* _ACTION ITEM_: Set down precisely the lines from the line with "In today's video, I'm" through the end of the material, inclusive, and no pictures.

* _COLLECTED MATERIAL_:
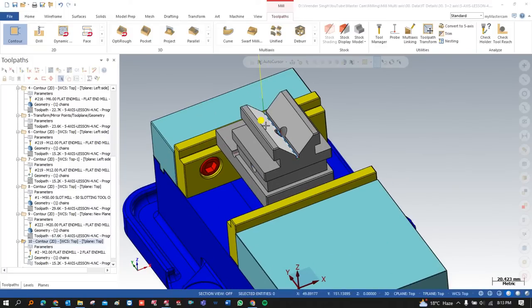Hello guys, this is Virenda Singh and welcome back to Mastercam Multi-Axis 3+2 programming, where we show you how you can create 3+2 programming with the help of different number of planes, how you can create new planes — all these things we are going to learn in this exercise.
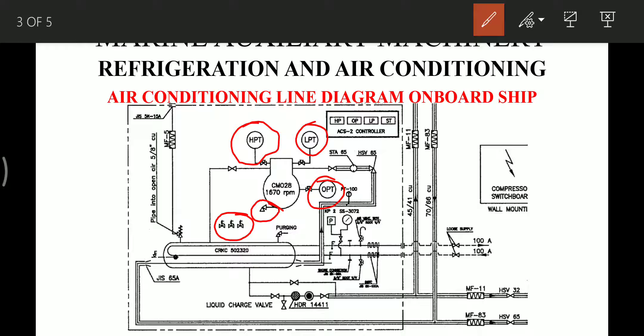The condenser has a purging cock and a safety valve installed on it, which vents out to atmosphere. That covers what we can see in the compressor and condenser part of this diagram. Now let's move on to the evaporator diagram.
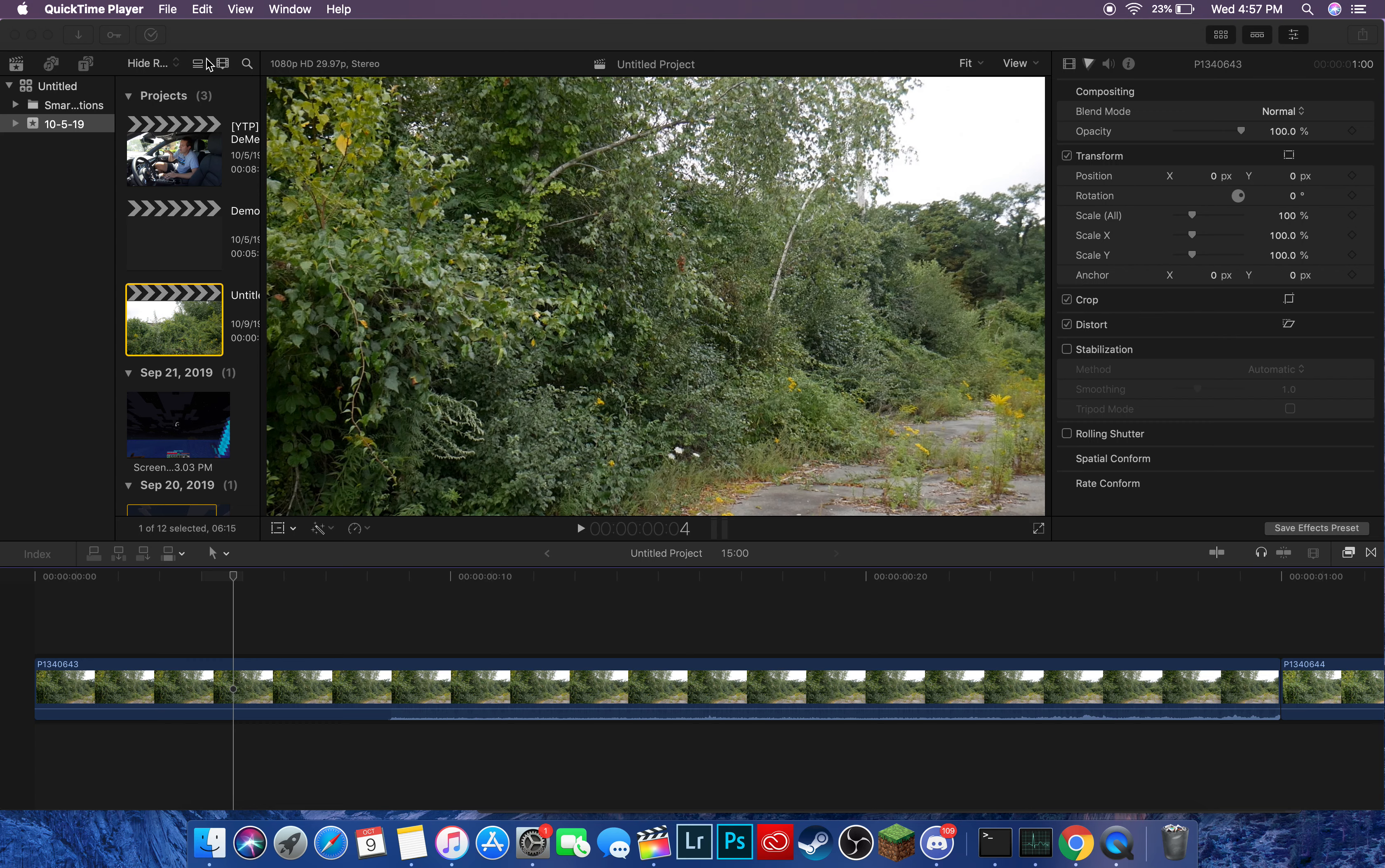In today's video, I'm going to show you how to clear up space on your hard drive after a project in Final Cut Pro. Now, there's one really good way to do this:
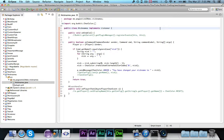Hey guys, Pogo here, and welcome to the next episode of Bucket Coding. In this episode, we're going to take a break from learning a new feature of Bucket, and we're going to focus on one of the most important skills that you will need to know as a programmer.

* _SOLUTION TO THIS EXERCISE_:
In today's video, I'm going to show you how to clear up space on your hard drive after a project in Final Cut Pro. Now, there's one really good way to do this:
Hey guys, Pogo here, and welcome to the next episode of Bucket Coding. In this episode, we're going to take a break from learning a new feature of Bucket, and we're going to focus on one of the most important skills that you will need to know as a programmer.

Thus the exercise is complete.